As a kid I used the orange crayon to draw grass. “He’s OK with numbers and letters,” the teacher told my mom, “but he’s having some trouble with colors.” Then came the discomfiting tests: pages full of swirling dots in which everyone else saw numbers and letters. I saw swirling dots.

My color blindness is mild and close to meaningless—a constant excuse for bad clothes, an easy and light joke at my own expense. And I see plenty of colors, maybe even the full range, so I don’t miss out; it’s just that I see them differently, by which I mean wrong. Their demarcations and labels are different. Your green is sometimes my orange. Your blue is sometimes my purple.

This can lead a child—or an adult—to wonder: Where else might this be so? Where else might we see essentially what everyone else is seeing, but draw the lines between things differently, and assess their significance differently? And what if these things are more consequential than colors?

In his short novel The Lives of Animals, J. M. Coetzee’s main character, Elizabeth Costello, argues that our treatment of animals is akin to what the Nazis did in the death camps. “Let me say it openly,” Costello says, “we are surrounded by an enterprise of degradation, cruelty, and killing which rivals anything the Third Reich was capable of, indeed dwarfs it, in that ours is an enterprise without end, self-regenerating, bringing rabbits, rats, poultry, livestock ceaselessly into the world for the purpose of killing them.” Later she says, “I seem to move around perfectly easily among people, to have perfectly normal relations with them. Is it possible, I ask myself, that all of them are participating in a crime of stupefying proportions?” Just before the end, Costello says, “Calm down, I tell myself, you are making a mountain out of a molehill. This is life. Everyone else comes to terms with it, why can’t you? Why can’t you?”

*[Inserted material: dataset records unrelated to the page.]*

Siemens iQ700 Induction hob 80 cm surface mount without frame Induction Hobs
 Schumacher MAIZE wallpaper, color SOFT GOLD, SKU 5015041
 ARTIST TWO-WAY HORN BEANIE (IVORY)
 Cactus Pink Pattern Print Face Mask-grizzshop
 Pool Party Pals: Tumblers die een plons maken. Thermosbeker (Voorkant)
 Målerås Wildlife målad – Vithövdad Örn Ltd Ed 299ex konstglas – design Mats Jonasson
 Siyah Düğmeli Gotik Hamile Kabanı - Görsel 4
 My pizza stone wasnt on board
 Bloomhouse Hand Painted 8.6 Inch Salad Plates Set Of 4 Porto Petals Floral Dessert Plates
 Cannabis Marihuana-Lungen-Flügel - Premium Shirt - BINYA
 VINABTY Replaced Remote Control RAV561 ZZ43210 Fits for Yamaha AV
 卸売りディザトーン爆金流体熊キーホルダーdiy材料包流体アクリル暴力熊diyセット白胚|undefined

When my teachers and parents told me that grass is green, not orange, I came to accept it. I’m fifty-two now and still see grass as orange, but I have accepted that it is green. I have, in Elizabeth Costello’s words, come to terms with it. With respect to color and perhaps too many other things, I have calmed down.

Some people haven’t, and why should they? Some of us, like Elizabeth Costello, look around and see what everyone else sees, but see it differently. Look how we treat each other, some say with alarm, or look how we treat the earth. And it’s not only that some of us see the same things, but differently—with more outrage and alarm—it’s also that some, like Elizabeth Costello, feel differently about what they see. This is where ethical vision departs from aesthetic vision: moral lines mean more than color lines. The choice of one crayon rather than another is not equivalent to the choice to treat people or the world around us in ways that might do serious damage. An F-150 is a way to get from one place to another, or it is another weapon in the assault on the planet. Buffalo Wild Wings is a place to watch football and eat chicken, or it is another purveyor of horror. There are many ways to see the same thing but perceive it and feel its weight differently.

Green is a color I still get wrong. Morals, probably also wrong. And maybe most concerning of all, I still mostly keep calm.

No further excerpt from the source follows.